## WHAT IS BEING ASKED
Report each line of the entries below that has the word "Villa" in it.
◇ ◇ ◇ ◇ ◇ ◇ ◇
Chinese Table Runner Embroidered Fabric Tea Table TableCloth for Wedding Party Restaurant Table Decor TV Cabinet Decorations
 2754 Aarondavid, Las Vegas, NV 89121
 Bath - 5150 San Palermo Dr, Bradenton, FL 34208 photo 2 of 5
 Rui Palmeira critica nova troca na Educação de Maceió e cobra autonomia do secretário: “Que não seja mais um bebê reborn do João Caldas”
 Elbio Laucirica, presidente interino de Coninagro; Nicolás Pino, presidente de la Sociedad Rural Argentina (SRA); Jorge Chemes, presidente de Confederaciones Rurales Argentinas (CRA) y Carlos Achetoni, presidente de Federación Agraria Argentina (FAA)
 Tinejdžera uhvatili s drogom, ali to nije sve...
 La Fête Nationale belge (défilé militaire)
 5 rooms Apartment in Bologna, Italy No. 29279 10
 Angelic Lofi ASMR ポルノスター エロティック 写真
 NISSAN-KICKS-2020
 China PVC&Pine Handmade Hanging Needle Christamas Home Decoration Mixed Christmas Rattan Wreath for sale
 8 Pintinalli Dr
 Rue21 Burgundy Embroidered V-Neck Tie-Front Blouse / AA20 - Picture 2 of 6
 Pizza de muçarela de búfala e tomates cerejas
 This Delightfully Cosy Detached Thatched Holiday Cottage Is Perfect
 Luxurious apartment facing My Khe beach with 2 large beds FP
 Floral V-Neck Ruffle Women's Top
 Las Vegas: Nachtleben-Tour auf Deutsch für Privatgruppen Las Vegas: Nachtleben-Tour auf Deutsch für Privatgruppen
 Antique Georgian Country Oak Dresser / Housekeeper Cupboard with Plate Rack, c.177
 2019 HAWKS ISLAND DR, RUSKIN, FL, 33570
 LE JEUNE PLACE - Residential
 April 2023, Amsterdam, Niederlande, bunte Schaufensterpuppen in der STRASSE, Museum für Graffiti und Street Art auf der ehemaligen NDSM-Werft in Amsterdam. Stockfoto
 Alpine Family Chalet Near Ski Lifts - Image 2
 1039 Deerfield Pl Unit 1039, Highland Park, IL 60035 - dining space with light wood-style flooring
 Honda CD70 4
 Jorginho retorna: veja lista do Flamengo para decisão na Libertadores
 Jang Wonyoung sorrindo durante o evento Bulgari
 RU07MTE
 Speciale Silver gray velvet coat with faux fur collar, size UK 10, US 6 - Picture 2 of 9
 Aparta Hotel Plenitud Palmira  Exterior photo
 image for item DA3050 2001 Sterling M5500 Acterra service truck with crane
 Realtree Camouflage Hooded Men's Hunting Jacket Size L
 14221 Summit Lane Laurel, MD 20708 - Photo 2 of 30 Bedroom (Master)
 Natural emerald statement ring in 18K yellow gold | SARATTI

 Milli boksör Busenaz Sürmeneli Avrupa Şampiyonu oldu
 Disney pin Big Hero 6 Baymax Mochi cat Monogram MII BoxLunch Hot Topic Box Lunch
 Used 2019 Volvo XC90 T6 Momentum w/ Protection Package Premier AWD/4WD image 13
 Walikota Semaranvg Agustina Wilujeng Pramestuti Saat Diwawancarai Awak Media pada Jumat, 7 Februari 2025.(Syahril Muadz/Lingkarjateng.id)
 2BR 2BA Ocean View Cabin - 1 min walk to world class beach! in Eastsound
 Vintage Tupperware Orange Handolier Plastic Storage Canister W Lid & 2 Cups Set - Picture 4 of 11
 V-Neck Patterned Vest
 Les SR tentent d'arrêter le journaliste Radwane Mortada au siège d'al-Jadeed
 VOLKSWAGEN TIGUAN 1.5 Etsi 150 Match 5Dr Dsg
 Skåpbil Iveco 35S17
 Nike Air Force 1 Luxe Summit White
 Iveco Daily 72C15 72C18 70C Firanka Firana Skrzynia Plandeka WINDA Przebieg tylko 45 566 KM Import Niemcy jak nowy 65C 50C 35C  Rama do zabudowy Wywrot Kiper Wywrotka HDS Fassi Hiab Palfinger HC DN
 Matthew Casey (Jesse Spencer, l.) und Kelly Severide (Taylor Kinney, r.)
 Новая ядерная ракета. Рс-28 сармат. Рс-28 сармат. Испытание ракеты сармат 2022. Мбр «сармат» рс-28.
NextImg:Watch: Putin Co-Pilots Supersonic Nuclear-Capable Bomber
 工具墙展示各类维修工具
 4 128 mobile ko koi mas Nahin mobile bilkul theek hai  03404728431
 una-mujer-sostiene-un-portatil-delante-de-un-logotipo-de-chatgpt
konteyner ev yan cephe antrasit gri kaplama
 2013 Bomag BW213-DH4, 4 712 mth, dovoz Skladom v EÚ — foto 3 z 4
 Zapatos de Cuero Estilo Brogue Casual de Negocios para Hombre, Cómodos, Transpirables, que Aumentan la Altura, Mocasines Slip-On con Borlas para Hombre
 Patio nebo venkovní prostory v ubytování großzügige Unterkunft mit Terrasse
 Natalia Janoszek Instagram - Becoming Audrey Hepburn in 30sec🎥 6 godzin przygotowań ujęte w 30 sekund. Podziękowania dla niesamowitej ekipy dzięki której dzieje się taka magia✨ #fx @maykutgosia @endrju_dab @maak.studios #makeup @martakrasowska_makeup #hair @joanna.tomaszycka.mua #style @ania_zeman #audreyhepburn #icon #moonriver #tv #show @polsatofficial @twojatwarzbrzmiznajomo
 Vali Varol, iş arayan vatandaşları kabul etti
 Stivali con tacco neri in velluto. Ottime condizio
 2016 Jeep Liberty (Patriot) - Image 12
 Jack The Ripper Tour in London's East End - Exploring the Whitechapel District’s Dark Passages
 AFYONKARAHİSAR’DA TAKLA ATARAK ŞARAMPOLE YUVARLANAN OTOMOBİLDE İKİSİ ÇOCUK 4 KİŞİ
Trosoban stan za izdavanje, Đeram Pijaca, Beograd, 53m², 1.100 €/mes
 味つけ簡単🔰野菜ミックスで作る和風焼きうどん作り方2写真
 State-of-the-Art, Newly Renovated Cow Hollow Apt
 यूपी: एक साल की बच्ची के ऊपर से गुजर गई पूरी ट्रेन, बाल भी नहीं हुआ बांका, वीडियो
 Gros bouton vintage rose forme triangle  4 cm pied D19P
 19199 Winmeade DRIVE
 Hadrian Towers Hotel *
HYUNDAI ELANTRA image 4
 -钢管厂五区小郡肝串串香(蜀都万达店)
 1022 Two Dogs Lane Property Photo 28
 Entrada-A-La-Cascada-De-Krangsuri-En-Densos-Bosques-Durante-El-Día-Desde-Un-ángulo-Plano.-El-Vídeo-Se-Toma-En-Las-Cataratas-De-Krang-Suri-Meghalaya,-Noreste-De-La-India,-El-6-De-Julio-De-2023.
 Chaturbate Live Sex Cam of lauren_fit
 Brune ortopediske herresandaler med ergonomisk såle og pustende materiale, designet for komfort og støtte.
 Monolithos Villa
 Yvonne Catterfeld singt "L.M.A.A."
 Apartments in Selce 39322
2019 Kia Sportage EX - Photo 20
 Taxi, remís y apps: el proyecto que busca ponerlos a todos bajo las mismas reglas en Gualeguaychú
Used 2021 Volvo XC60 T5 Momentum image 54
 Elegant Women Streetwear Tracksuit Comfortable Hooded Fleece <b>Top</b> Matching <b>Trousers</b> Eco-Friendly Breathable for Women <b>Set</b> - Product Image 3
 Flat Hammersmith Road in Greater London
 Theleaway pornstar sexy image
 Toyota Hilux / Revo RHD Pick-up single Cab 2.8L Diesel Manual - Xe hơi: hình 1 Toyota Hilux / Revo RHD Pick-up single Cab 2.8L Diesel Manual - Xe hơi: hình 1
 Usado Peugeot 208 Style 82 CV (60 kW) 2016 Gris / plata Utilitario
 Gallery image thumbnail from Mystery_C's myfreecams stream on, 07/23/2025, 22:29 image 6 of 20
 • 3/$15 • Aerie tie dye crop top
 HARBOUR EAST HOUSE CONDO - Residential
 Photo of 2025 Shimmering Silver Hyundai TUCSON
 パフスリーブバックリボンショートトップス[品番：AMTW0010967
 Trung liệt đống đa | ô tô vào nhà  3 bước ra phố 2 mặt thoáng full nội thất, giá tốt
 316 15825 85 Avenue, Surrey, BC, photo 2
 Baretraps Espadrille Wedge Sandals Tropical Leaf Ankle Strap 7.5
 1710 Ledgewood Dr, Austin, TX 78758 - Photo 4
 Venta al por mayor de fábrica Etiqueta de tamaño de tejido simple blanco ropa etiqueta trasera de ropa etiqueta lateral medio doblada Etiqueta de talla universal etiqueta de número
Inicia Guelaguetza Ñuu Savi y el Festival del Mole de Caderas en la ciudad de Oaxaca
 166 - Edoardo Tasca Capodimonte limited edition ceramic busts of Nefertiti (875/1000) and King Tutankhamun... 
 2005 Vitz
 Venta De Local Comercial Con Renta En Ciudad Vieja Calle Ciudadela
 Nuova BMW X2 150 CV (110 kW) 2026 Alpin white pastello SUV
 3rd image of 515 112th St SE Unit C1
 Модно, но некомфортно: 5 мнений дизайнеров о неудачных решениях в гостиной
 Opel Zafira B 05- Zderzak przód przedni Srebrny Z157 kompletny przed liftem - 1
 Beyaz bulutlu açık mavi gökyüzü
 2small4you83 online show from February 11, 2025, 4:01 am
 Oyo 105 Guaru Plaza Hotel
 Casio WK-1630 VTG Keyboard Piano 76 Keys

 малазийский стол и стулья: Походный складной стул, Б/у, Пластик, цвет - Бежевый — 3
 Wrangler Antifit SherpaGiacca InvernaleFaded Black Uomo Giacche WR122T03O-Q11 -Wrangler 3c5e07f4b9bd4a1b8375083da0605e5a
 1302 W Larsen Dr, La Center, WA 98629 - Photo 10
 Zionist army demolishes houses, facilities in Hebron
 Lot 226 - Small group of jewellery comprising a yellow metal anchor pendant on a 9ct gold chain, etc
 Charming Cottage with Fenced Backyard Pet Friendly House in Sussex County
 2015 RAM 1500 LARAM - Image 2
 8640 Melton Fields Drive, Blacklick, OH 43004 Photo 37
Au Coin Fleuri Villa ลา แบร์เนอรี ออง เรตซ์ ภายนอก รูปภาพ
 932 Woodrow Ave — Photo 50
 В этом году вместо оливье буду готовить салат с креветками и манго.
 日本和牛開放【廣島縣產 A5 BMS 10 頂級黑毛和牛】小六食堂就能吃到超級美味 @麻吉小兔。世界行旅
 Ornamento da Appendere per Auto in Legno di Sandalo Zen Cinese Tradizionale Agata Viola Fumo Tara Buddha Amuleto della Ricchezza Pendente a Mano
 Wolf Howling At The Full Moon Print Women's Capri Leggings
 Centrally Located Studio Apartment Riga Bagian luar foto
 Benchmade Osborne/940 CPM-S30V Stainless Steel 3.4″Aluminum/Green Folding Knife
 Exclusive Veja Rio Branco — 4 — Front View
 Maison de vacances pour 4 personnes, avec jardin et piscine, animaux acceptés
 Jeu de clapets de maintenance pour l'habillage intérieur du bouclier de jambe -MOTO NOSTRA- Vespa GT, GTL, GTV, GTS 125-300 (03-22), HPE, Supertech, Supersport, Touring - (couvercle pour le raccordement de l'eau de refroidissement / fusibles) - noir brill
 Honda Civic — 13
◇ ◇ ◇ ◇ ◇ ◇ ◇
## PROBLEM SOLUTION
 Monolithos Villa
Au Coin Fleuri Villa ลา แบร์เนอรี ออง เรตซ์ ภายนอก รูปภาพ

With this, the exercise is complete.